Die Eröffnung der Veranstaltung stand ganz im Zeichen des Updates. Was ist State-of-the-Art JavaScript? Was setzt sich als Standard durch, worauf sollte man lieber verzichten? Es wurden die System-Neuerungen vorgestellt und gleichzeitig die zugrundeliegenden JavaScript-Konzepte, die sich mit den Updates ändern. Updates bieten immer viel Gesprächsstoff, sodass viel gefragt und intensiv mit den Neuerungen auseinandergesetzt wurde.

Vom Gesamtkonzept zum Baukasten-Prinzip: Modulare Webentwicklung ist nicht mehr wegzudenken

Eines der Highlights war diesmal ein Vortrag und Workshop über das Erstellen von Applikationen mit der serverseitigen JavaScript-Plattform Node.js. Da wir bereits in fast allen unseren Projekten mit Node.js arbeiten wird uns das gelernte in Zukunft oft hilfreich sein.

Auch die modulare Webentwicklung, d. h. man behandelt seine Website nicht als Gesamtkunstwerk, sondern als Modul-Baukasten, war sehr aufschlussreich und spannend. Denn: diese Module müssen genau durchdacht und dann entsprechend strukturiert aufgebaut werden. Dabei helfen auch sogenannte Living Styleguides, damit wird die Darstellung übersichtlicher und für das Team wird die Handhabung auch benutzerfreundlicher.

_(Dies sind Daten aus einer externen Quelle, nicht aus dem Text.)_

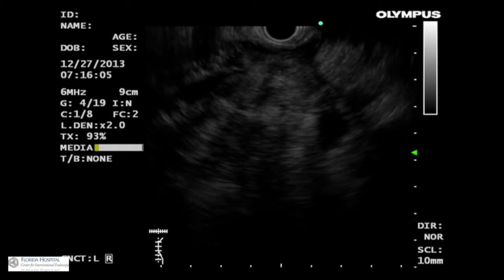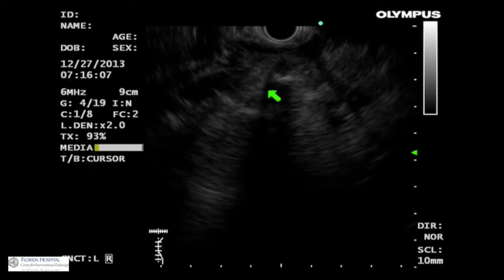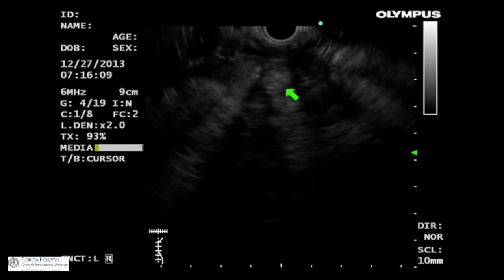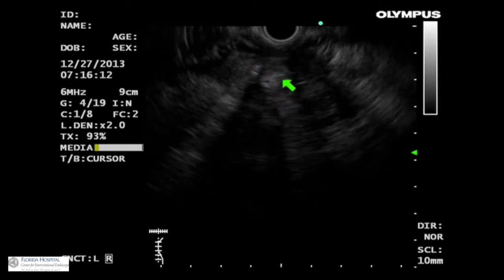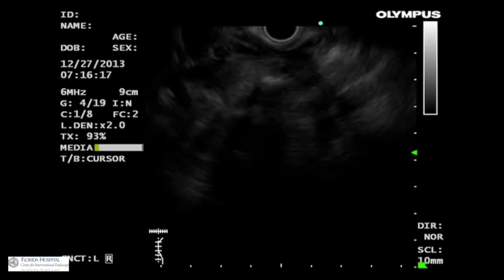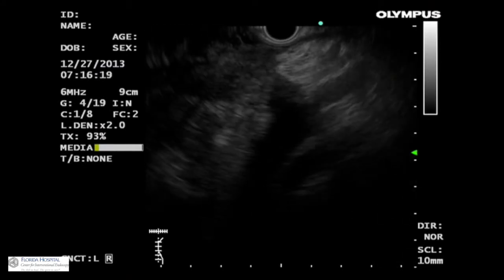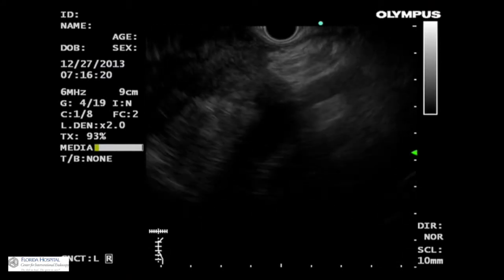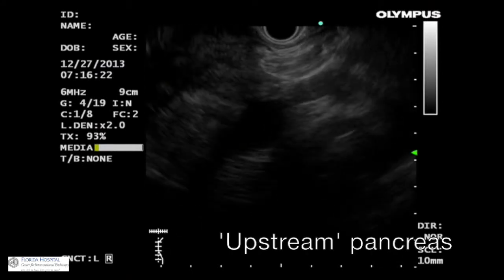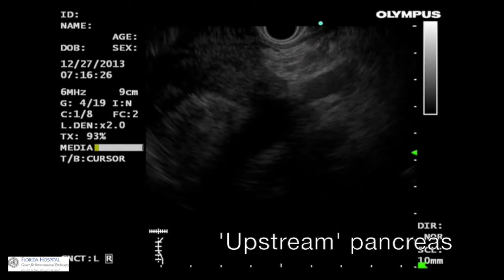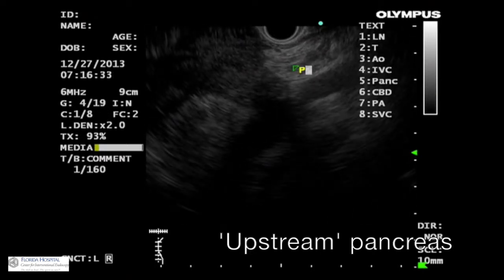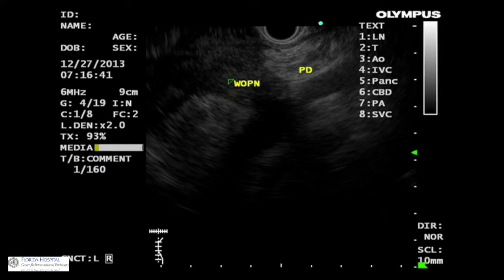On EUS, the stents could be seen within the hypoechoic resolving collection. To the right of the resolving collection was the upstream pancreas. The pancreas appeared hypoechoic and relatively preserved. The pancreas and small calibre pancreatic duct were completely disconnected from the collection.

Dies ist in moderner Web-Entwicklung essentiell und auch bei uns findet kein Projekt mehr ohne solche Ansätze statt. Darüber hinaus konnte man sich über  Web APIs mit Node.js, GraphQL, React und Angular informieren. Es war für jeden etwas dabei!

Barrieren abbauen!

Ein Herzensthema meiner selbst war: Der ganztägige Workshop zur Barrierefreiheit.

Hier ging es darum, wie eine Website so vielen Nutzern wie möglich zugänglich gemacht werden kann, indem man auf Sprachausgabe, Kontrast-Stärken, Schriftgrößen, leichte, vereinfachte Sprache und jede Menge weiterer Stellschrauben achtet. Wir freuen uns schon sehr darauf, in Zukunft unsere Webseiten so noch mehr Usern zugänglich zu machen!

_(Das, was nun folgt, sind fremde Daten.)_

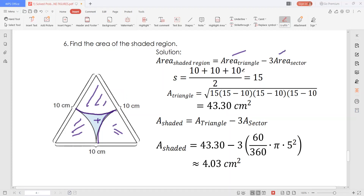Using Heron's formula, we can get the area of the triangle: square root of S times (S minus a) times (S minus b) times (S minus c). However, all the sides are the same — measuring 10 centimeters. S is solved by adding all the sides A, B, C: so 10 plus 10 plus 10 divided by 2, giving S equals 15. The area of the triangle is thus simplified to 43.30 square centimeters.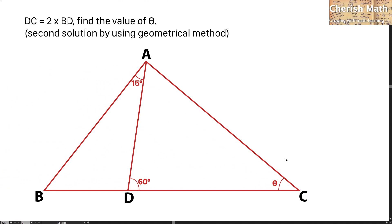Hi from Cherish Math. This is the question, and in fact for this same question that I have posted earlier, that was the first solution and I have listed it in the description of this video for your reference. You may click on the link in the description to refer to the first solution in detail. Now, let's come back to this question.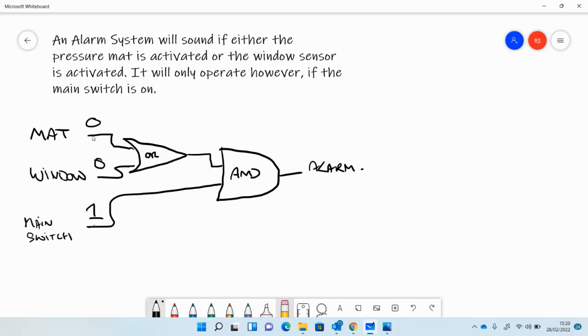But if one of those, the window or the mat, is activated, then this becomes a 1, this is a 1, and so the output is a 1 and the alarm comes on.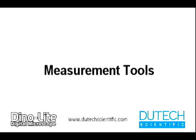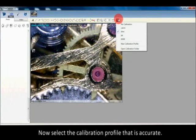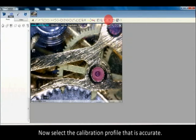Measurement tools: Now select the calibration profile that is accurate.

Für Daniel und mich waren es sehr erfolgreiche und inspirierende JavaScript Days. Eine großartige Gelegenheit zur Weiterbildung, zum Austausch und Vernetzen – und das dort Gelernte wird hoffentlich wie schon im letzten Jahr schnellen Einzug in unseren Arbeits-Alltag als Programmierer bekommen.  Die ersten internen Schulungen unserer Kollegen haben wir schon angesetzt.